Both Indiana House and Senate Republicans want more funding for schools: In the Senate, Republicans have proposed $1.1 billion in additional K-12 school tuition support over the next two years. They also want to allocate $160 million in annual state funding to eliminate textbook and curriculum fees, unlike House Republicans’ plan to change the school funding formula.

And now, Senate Republicans have not agreed to House Republicans’ proposal to increase eligibility for school choice vouchers.

“I don’t think we have a problem with vouchers, I mean, we have no problem with that,” said State Sen. Ryan Mishler (R-Mishawaka), chairman of the Senate Appropriations Committee. “I think we just have to figure out Is it 300% or 400%, what should the eligibility be?”

Republicans in the state Senate and House of Representatives have proposed the same amount of public health spending: $225 million over the next two years, two-thirds what Gov. Eric Holcomb has requested.

But they are still figuring out how to increase funding for mental health beyond using state money.

House Republicans have called for higher cigarette taxes in the state. But Mishler said Senate Republicans are more interested in a phone bill surcharge that funds the 988 crisis lifeline.

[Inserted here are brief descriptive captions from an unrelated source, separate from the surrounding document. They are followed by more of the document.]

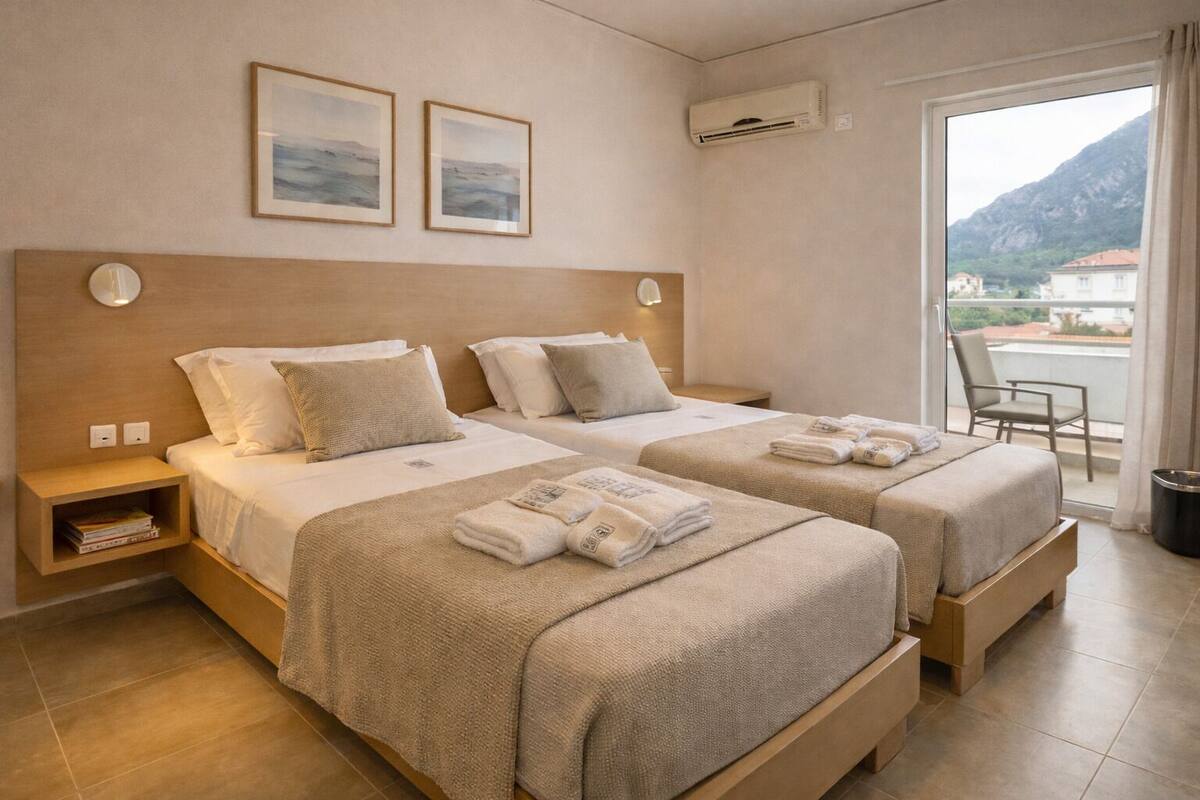 A hotel room with two beds, a small desk, a chair, and a balcony with a mountain view.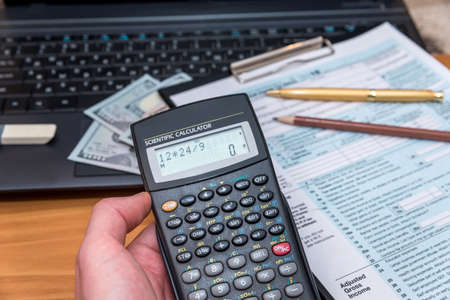 tax form with money and copmuterの写真素材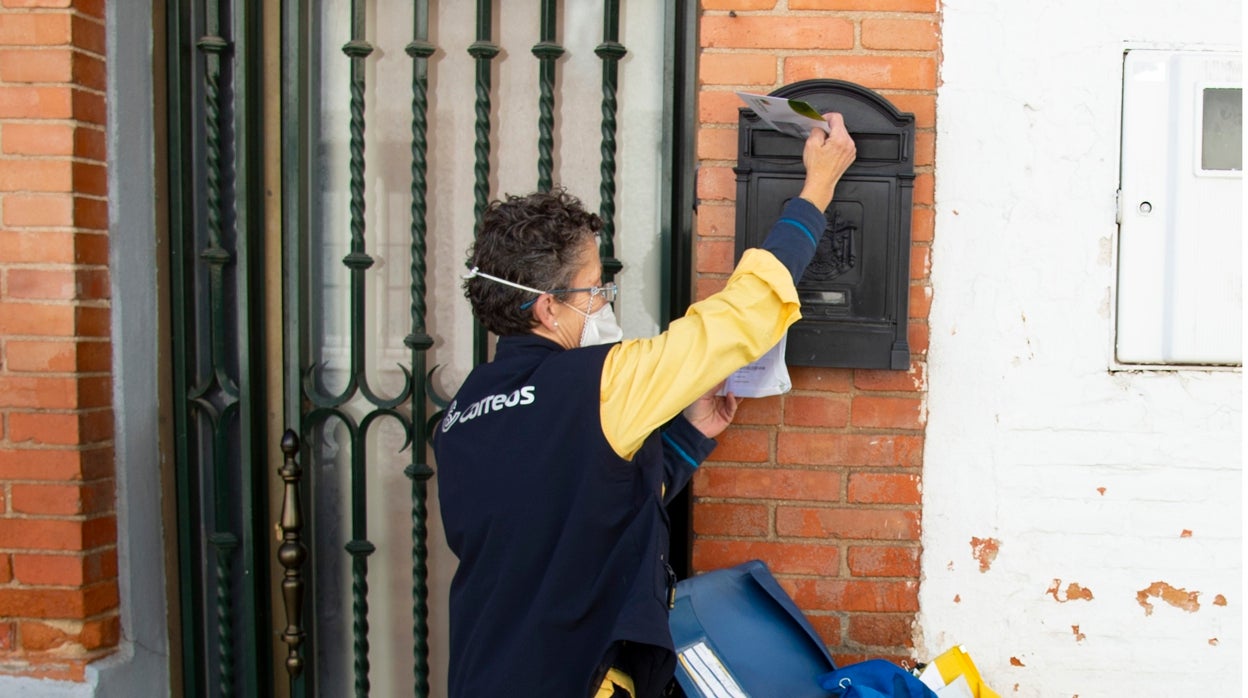 Una trabajadora de Correos, con mascarilla, introduce una carta en un buzón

“What we’ve decided to do is let’s work together and decide what the fee will be,” Mishler said of ongoing negotiations between the two chambers.

During a Senate Appropriations Committee hearing Thursday morning, State Sen. Eddie Melton (D-Gary) proposed a $1.50 cigarette tax increase, but Republicans rejected it.

“I think that’s one piece of the puzzle,” Melton said. “I think that, in addition to the 988 solution, increasing the tax on cigarettes will completely solve this problem.”

Senate Democrats said they supported several parts of the Republican budget proposal, but had some concerns.

State Sen. Fady Qaddoura (D-Ind.) said he would like to see more funding for preschools. The Senate Republican proposal would raise income eligibility for the state’s On My Way Pre-K program from 127% to 150% of the federal poverty level.

“Investing in early childhood education is the most strategic investment we can make to ensure we increase high school graduation and college enrollment,” Qaddoura said.

Senate Republicans also proposed changing the way charter schools are funded, using property taxes instead of state appropriations. Democrats are concerned about the idea and its impact on school funding in low-income areas, Melton said.

Lawmakers have two weeks to work out the final version of the new budget before the session ends. The states’ revenue forecasts, due to be released on April 19, will factor into their final spending decisions.